Long active in Whig politics, Greeley served briefly for three months as a congressman from New York as a result of his alliance with William H. Seward and Thurlow Weed.  He helped found the Republican Party in 1854, and then broke with Seward and Weed at the 1860 Republican National Convention, backing the nominee, Abraham Lincoln.    When the Civil War broke out, he mostly supported Lincoln, though urging him to commit to the end of slavery before the president was willing to do so.  Later, leading against the corruption in President Ulysses S. Grant’s Republican administration, Greeley was the new Liberal Republican Party’s candidate in the 1872 U.S. presidential election.  Despite having the additional support of the Democratic Party after their candidate died, he lost in a landslide and, devastated at the defeat, died three weeks later before the casting of the electoral vote.

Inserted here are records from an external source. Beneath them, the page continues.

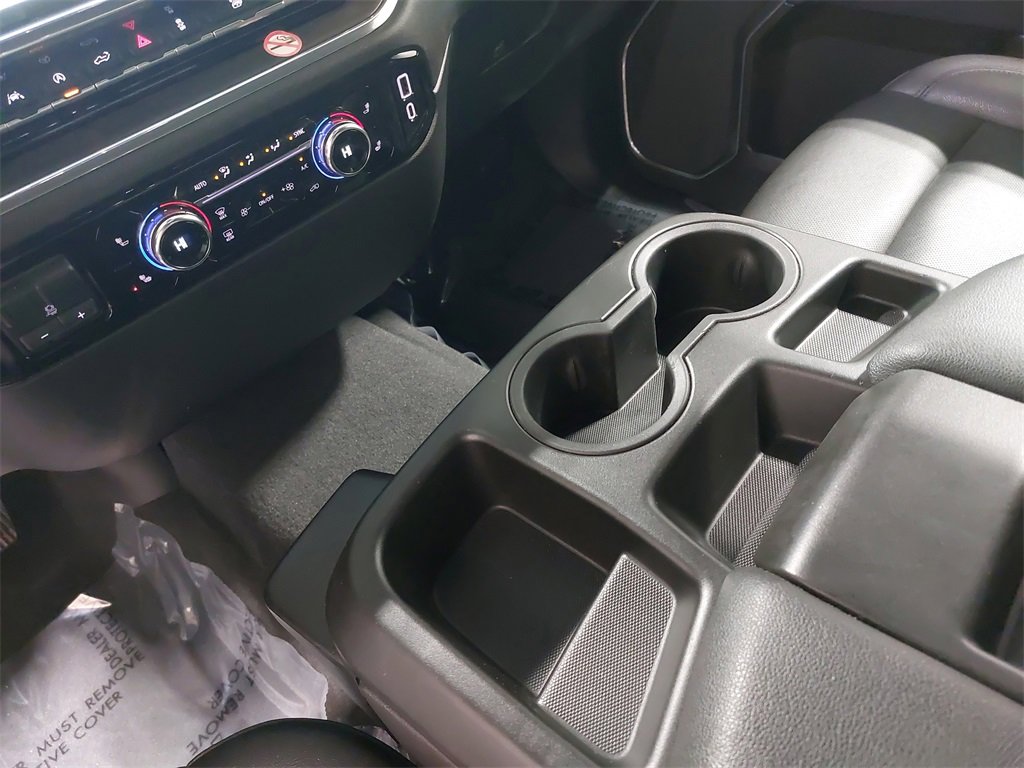 Used 2025 GMC Sierra 1500 SLT image 26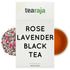 Tea Raja - Rose Lavender Black Tea
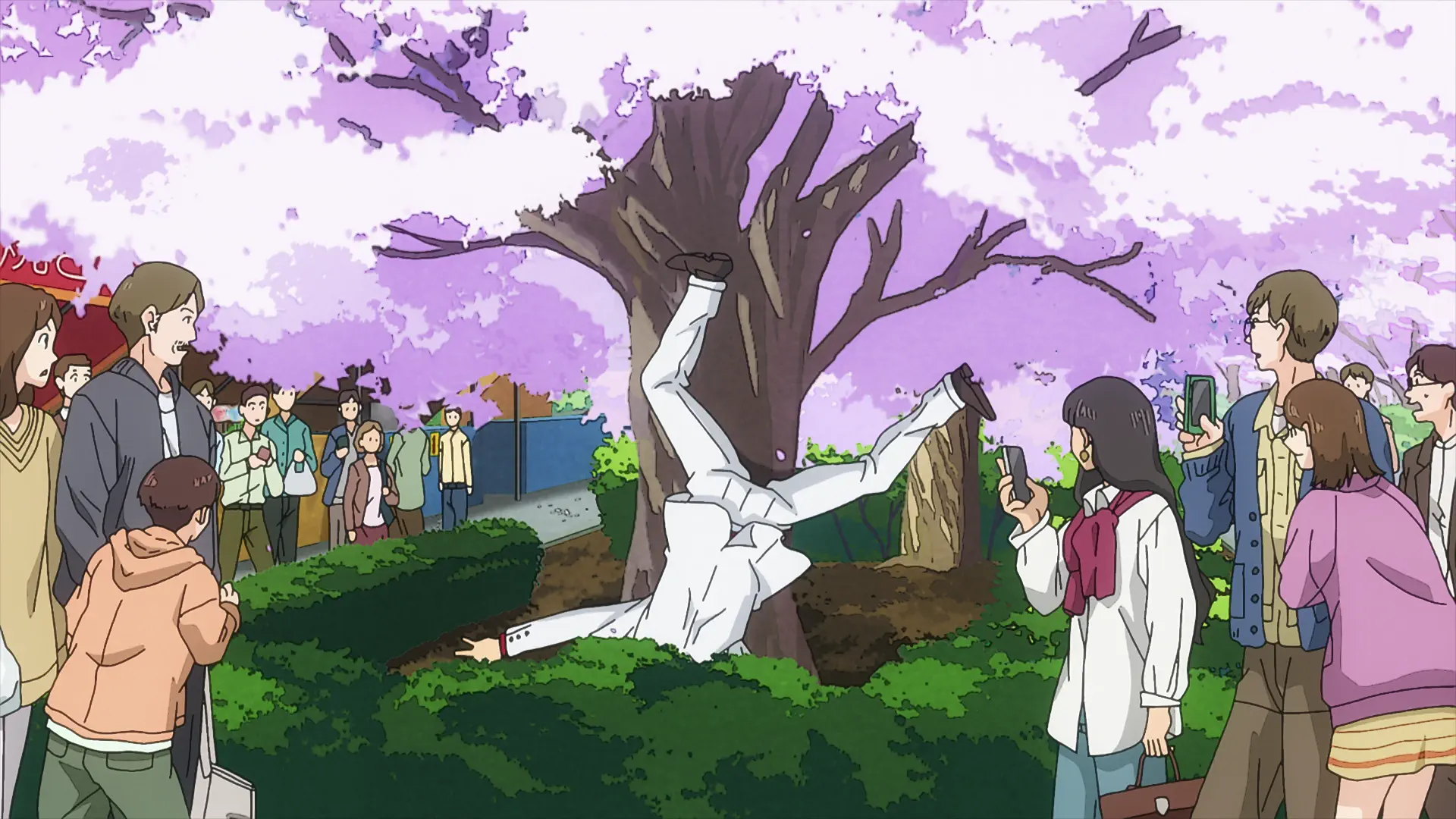 Nazotoki wa Dinner no Ato de - Episode 8 : There Is No Such Thing as a Completely Locked Room: File 2 / Please Don`t Drown in This River: File 1
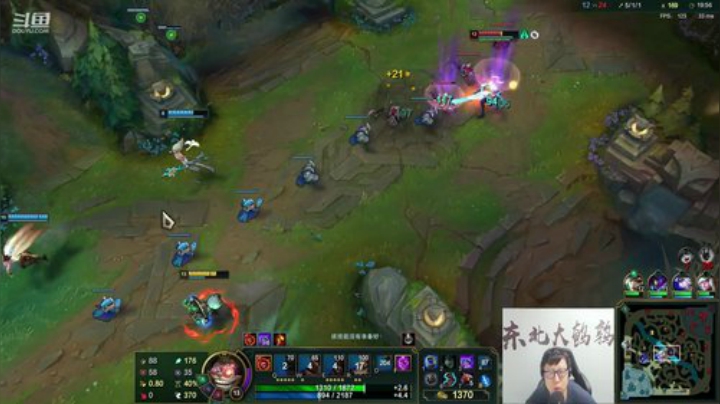 liyunanhj发布了一个斗鱼视频2020-08-07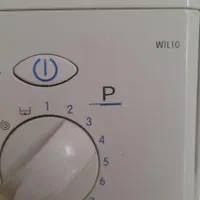 ماشین لباسشویی ایندزیت - Indesit|ماشین لباسشویی و خشک‌کن لباس|تهران, پرستار|دیوار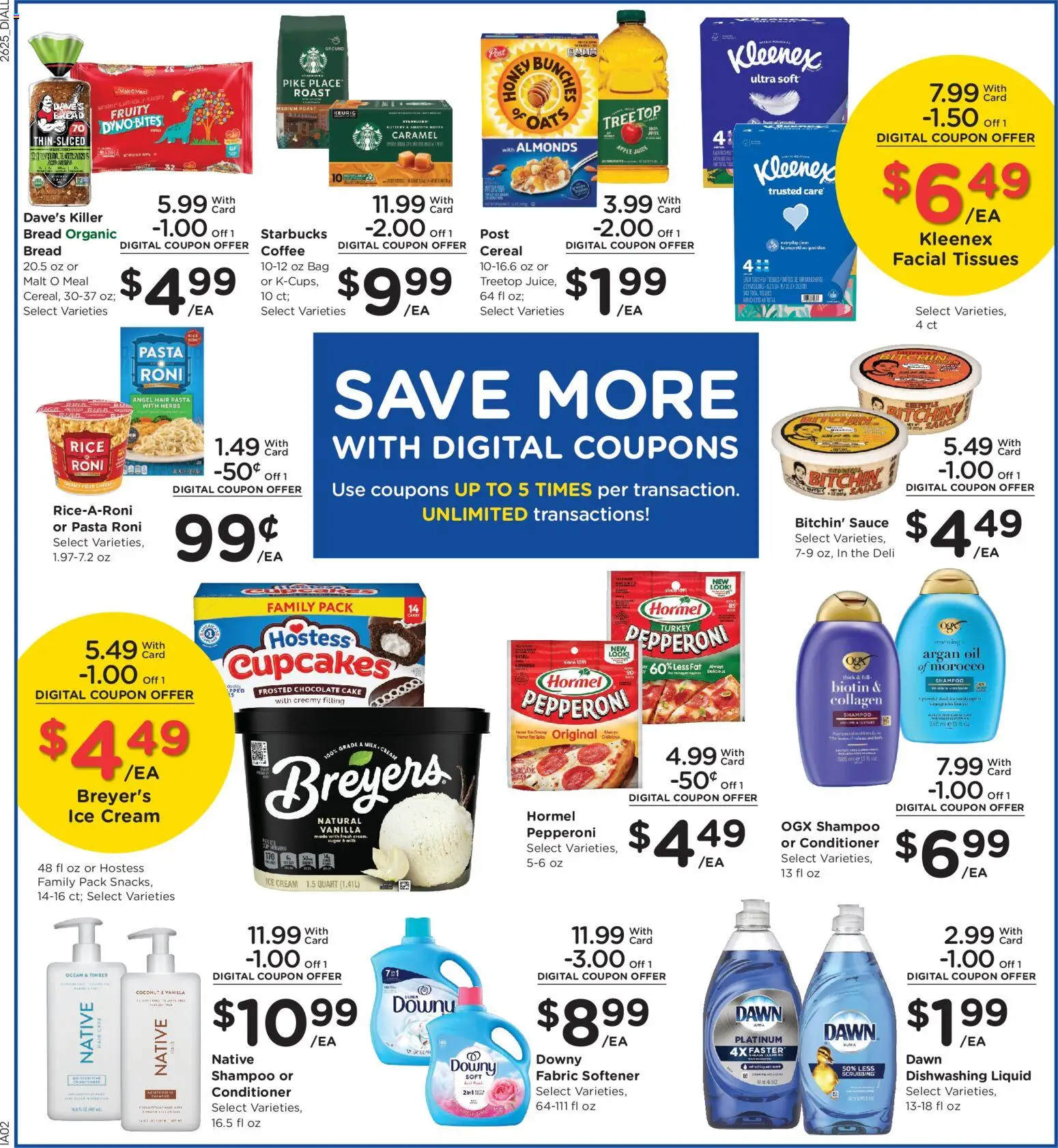 dillons - Dillons Weekly Ad - 07/22 - 07/28 2026 - page: 6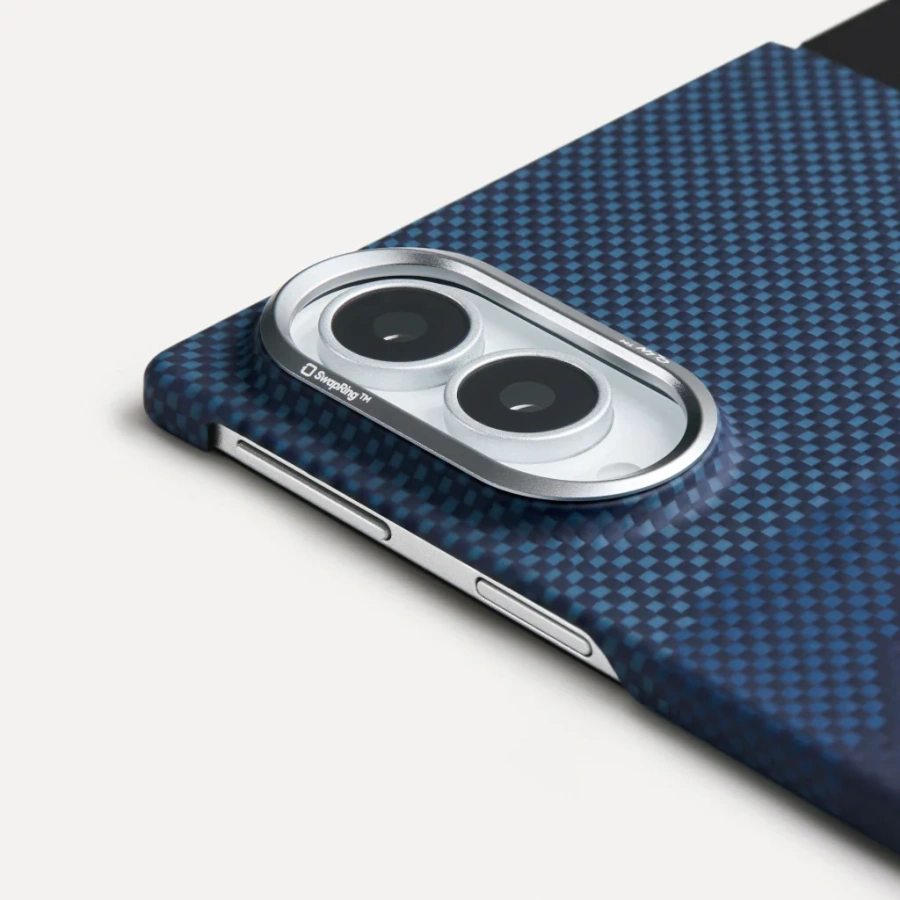 Чохол Pitaka Edge Case for Samsung Galaxy Z Fold8 - Over The Horizon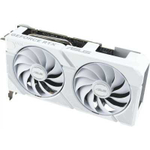 Видеокарта ASUS nVidia GeForce RTX 5060 Ti 8Gb DUAL-RTX5060TI-O8G-WHITE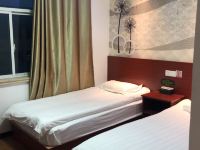 上海正其宾馆 - 标准双床房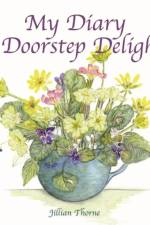 My Diary of Doorstep Delights af Jillian Thorne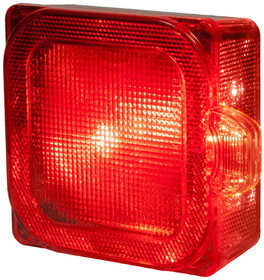 Peterson Manufacturing Led Stop & Tail, Peterson Mfg. V844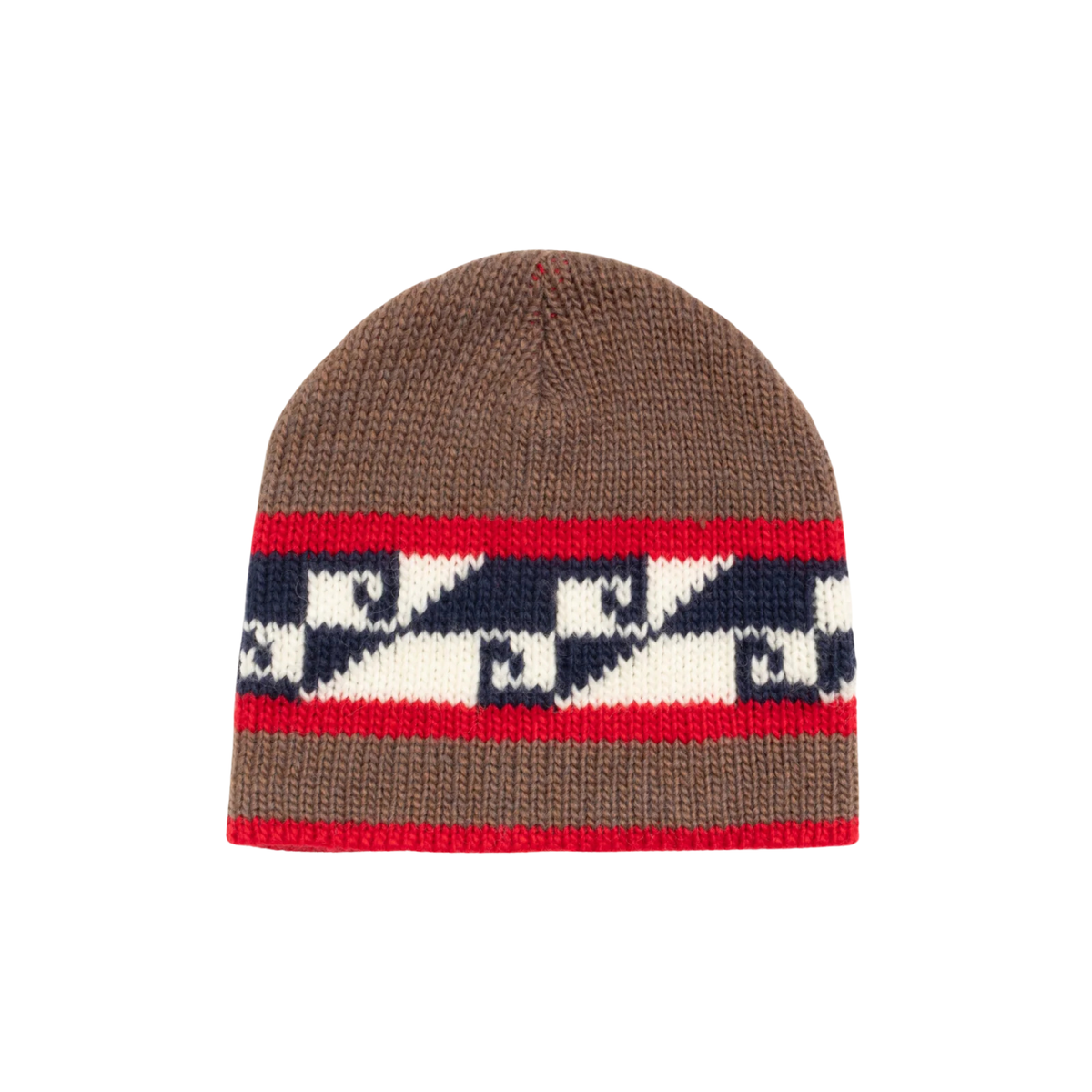 Stussy Skullcap Waves Brown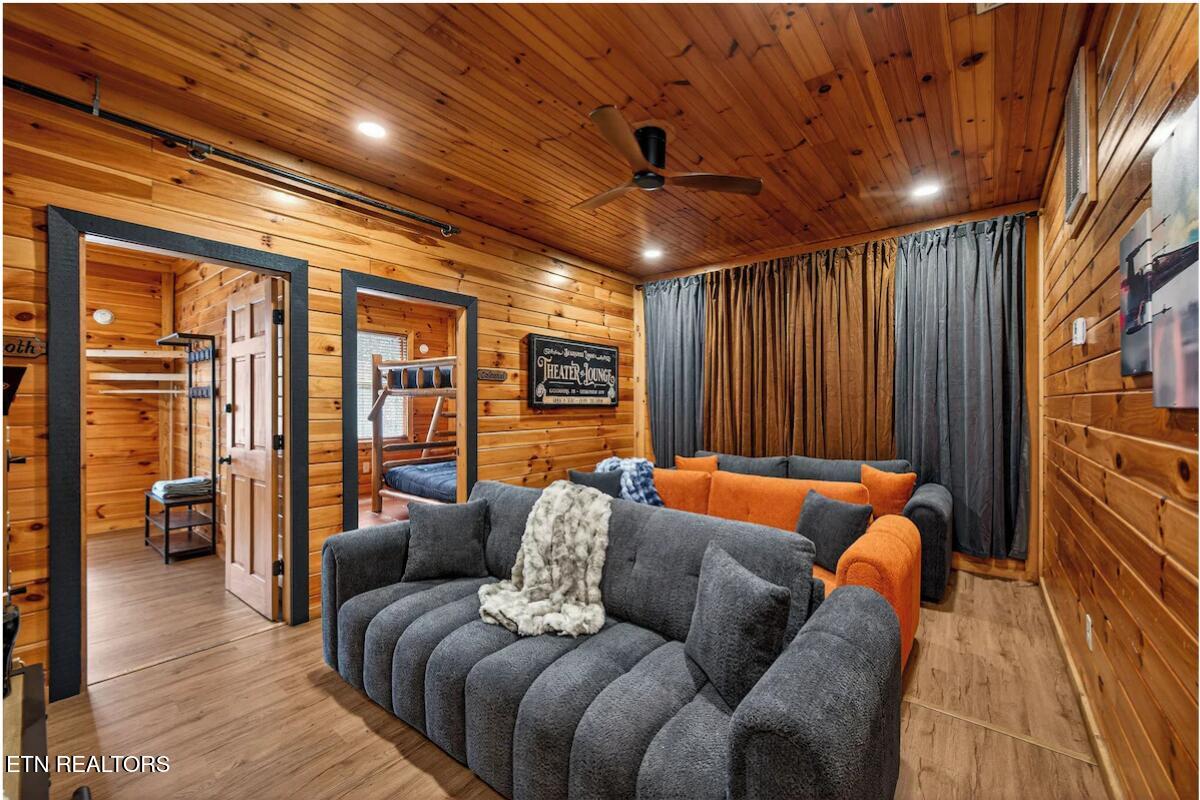 734 Heiden Drive Gatlinburg TN 37738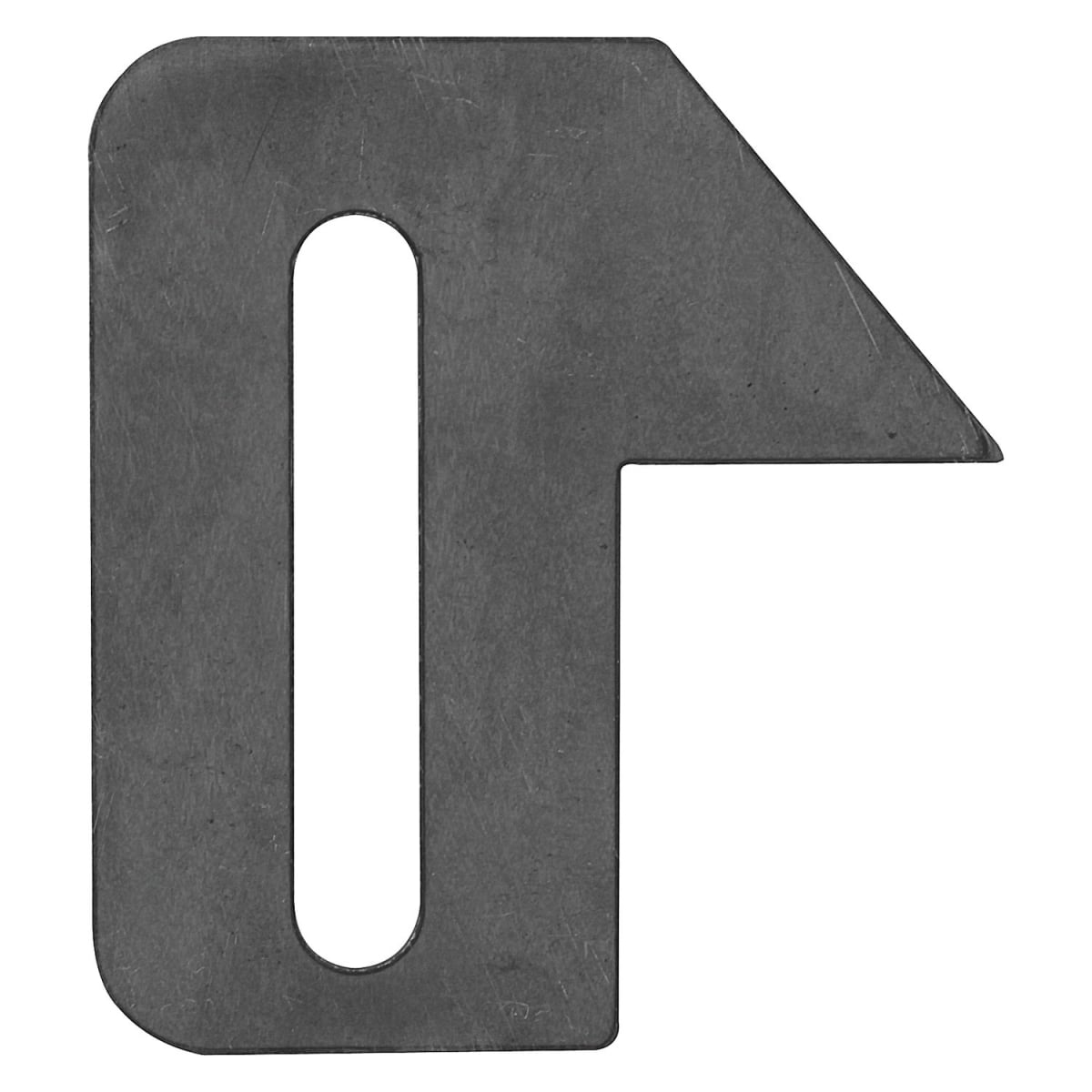 0.62 in. Slot Trailing Arm Bracket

Horace Greeley: Newspaperman is a biography, partly fictional but based primarily on Greeley’s autobiography, of the childhood and career of this important character in American history.  Like the well-known “Childhood of Famous Americans” series, it focuses primarily on his youth but also includes some of his later life as well.  The author, who wrote, “Therefore this book for young readers, though fictional in form, has its basis in fact…, and most of the action of the first fifteen chapters is a fictionalized version of what Horace Greeley himself has written,” shows how the Bible played a vital part in shaping Greeley’s views as a young man.  One does not need to agree with all of his political views to appreciate his role in our nation’s development.  Other similar biographies by the same author include Ethan Allen: Green Mountain Boy; James Fenimore Cooper: Leatherstocking Boy; Jim Bowie: Boy With A Hunting Knife; Harriet Tubman: Freedom Girl; Jeb Stuart: Boy in the Saddle; George M. Cohan: Boy Theater Genius; and Jim Bridger: Mountain Boy.